WORK ORDER:
Using the records that appear below, write out exactly the lines from the one with "Semtech Corporation isolated and" through the one with "2023 NISSAN FRONTIER S - 1N6ED1EK9PN641636", keeping both end lines.

****

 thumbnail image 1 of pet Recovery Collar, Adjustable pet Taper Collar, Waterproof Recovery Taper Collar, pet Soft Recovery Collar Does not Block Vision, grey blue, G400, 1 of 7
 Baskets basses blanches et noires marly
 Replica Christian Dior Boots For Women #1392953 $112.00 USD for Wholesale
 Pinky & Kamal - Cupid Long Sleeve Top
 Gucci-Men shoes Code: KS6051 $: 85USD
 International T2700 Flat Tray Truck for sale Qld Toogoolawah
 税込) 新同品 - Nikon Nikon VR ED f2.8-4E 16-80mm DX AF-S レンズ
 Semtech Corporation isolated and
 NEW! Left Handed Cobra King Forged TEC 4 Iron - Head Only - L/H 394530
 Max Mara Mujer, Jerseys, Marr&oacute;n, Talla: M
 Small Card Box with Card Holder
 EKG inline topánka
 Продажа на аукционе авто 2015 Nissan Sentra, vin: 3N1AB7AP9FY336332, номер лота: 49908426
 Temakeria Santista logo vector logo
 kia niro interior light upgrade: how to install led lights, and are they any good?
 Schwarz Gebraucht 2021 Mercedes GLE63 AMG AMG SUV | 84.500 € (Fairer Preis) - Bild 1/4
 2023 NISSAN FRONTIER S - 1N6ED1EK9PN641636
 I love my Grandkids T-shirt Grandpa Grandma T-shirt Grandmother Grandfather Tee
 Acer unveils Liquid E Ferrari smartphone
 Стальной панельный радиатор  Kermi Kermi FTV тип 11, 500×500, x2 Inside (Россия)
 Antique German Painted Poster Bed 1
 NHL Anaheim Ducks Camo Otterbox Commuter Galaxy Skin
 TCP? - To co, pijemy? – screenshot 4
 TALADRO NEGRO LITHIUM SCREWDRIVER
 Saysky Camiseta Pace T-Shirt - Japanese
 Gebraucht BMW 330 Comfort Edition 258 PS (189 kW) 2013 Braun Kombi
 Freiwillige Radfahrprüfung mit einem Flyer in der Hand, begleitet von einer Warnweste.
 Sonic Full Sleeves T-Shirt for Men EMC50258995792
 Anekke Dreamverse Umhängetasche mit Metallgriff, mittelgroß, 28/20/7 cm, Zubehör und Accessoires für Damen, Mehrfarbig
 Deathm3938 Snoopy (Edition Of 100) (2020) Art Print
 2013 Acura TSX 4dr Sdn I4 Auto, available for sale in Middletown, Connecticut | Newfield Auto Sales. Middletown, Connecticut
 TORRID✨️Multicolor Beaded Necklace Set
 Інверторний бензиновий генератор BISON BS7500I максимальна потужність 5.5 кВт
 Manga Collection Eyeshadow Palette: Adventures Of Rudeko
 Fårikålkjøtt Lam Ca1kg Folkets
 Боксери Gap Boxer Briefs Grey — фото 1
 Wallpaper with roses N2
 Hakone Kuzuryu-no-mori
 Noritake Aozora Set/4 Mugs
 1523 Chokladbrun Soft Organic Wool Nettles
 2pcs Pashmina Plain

****

SOLUTION TO THE PROBLEM:
 Semtech Corporation isolated and
 NEW! Left Handed Cobra King Forged TEC 4 Iron - Head Only - L/H 394530
 Max Mara Mujer, Jerseys, Marr&oacute;n, Talla: M
 Small Card Box with Card Holder
 EKG inline topánka
 Продажа на аукционе авто 2015 Nissan Sentra, vin: 3N1AB7AP9FY336332, номер лота: 49908426
 Temakeria Santista logo vector logo
 kia niro interior light upgrade: how to install led lights, and are they any good?
 Schwarz Gebraucht 2021 Mercedes GLE63 AMG AMG SUV | 84.500 € (Fairer Preis) - Bild 1/4
 2023 NISSAN FRONTIER S - 1N6ED1EK9PN641636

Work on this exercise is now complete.